RECORD EXCERPTS -
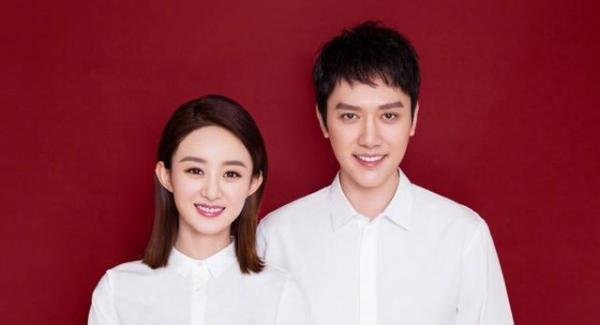 陈妍希谈和陈晓的夫妻相处之道 这是咋情况？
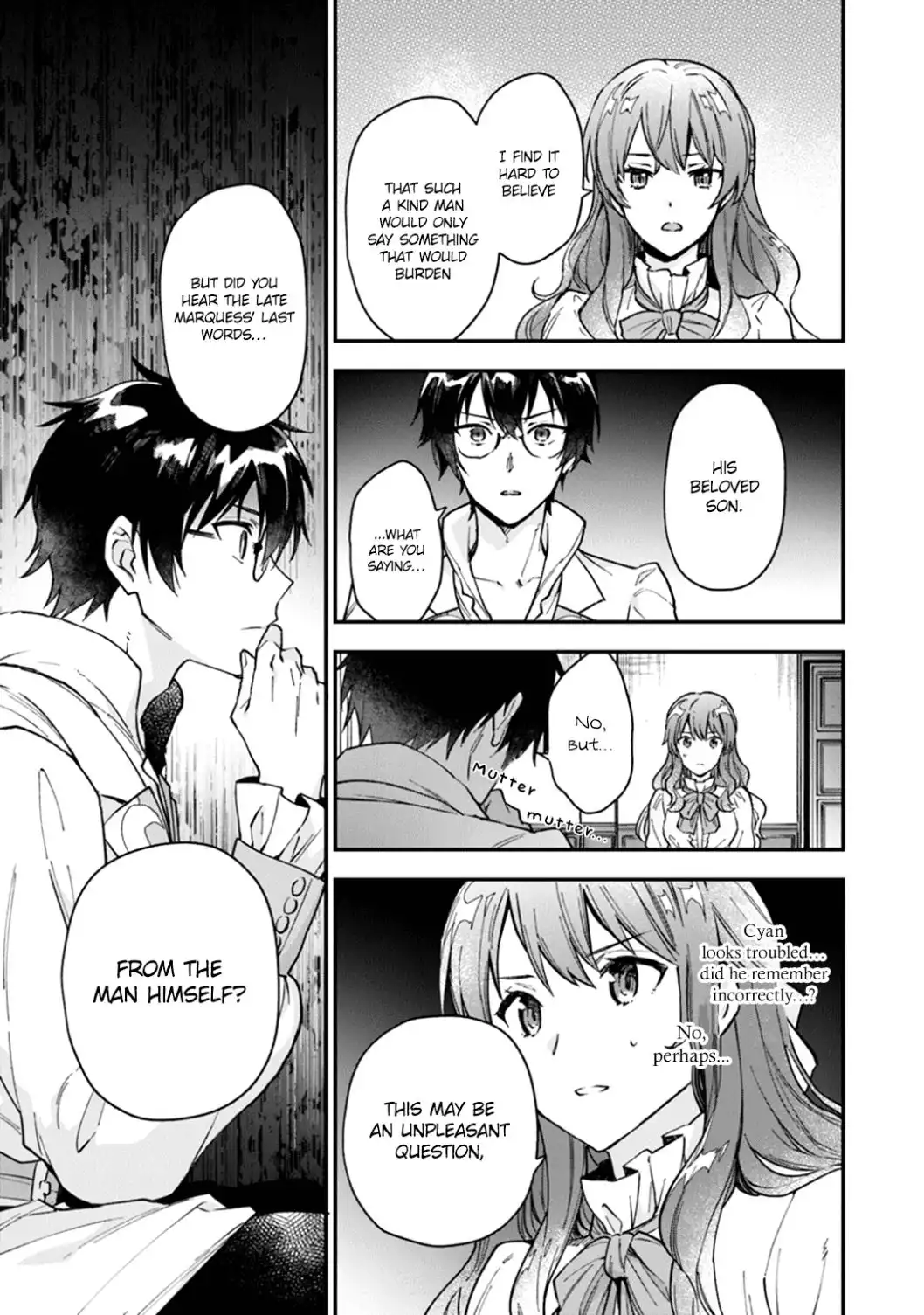 Please Leave, Hero! Chapter 4 16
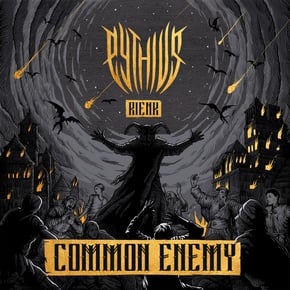 Common Enemy by Pythius & RIENK Cover Art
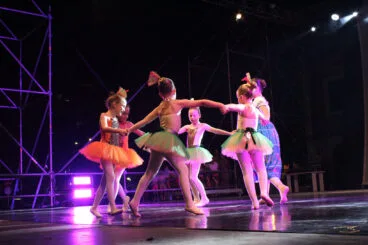 Gala de la escuela Babylon de Dénia 04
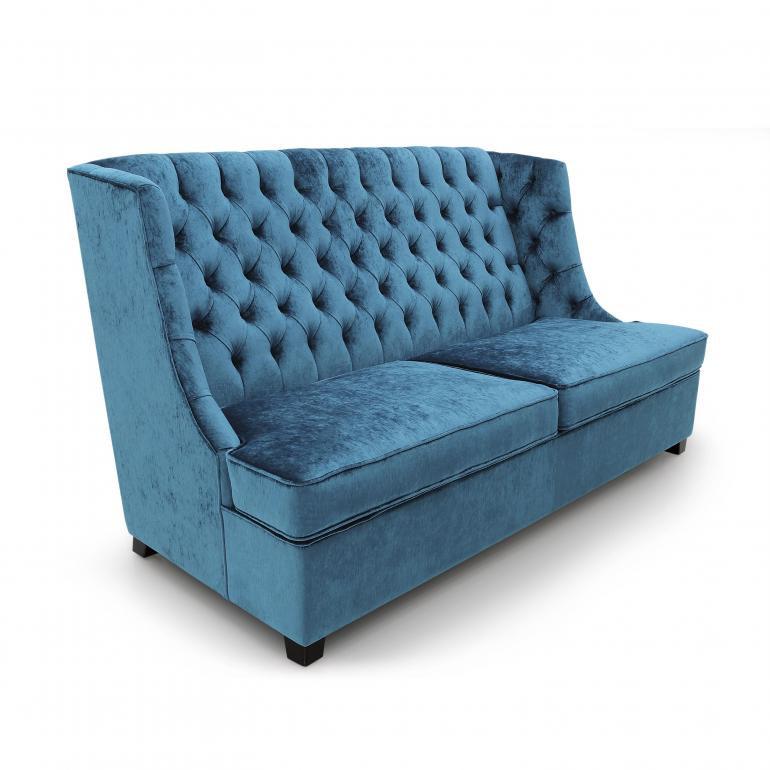 Fortuna Wing Sofa Bed-Contract Furniture Store for hospitality, leisure & commercial projects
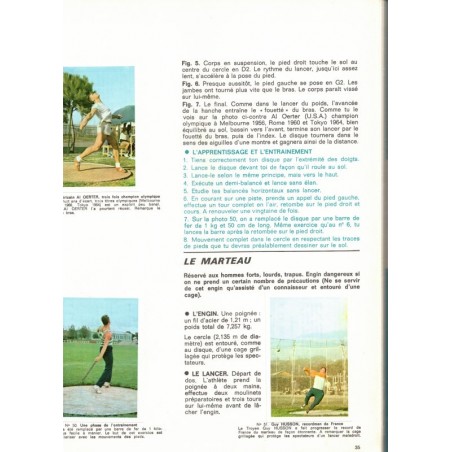 A la découverte du sport, champions, techniques, Collection Suchard 1968 - publicité, vignettes à coller, chocolats Suchard,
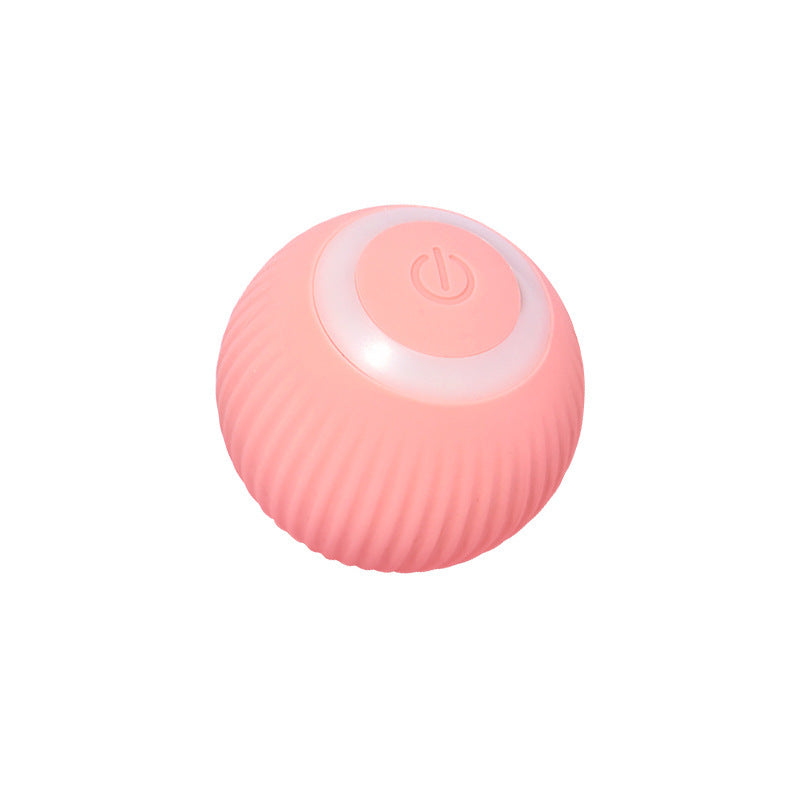 Intelligent Automatic Rolling Ball Toy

EXERCISE BRIEF - Reprint the whole listing verbatim except for the pictures.

SOLUTION FOR THIS PROBLEM -
 陈妍希谈和陈晓的夫妻相处之道 这是咋情况？
 Please Leave, Hero! Chapter 4 16
 Common Enemy by Pythius & RIENK Cover Art
 Gala de la escuela Babylon de Dénia 04
 Fortuna Wing Sofa Bed-Contract Furniture Store for hospitality, leisure & commercial projects
 A la découverte du sport, champions, techniques, Collection Suchard 1968 - publicité, vignettes à coller, chocolats Suchard,
 Intelligent Automatic Rolling Ball Toy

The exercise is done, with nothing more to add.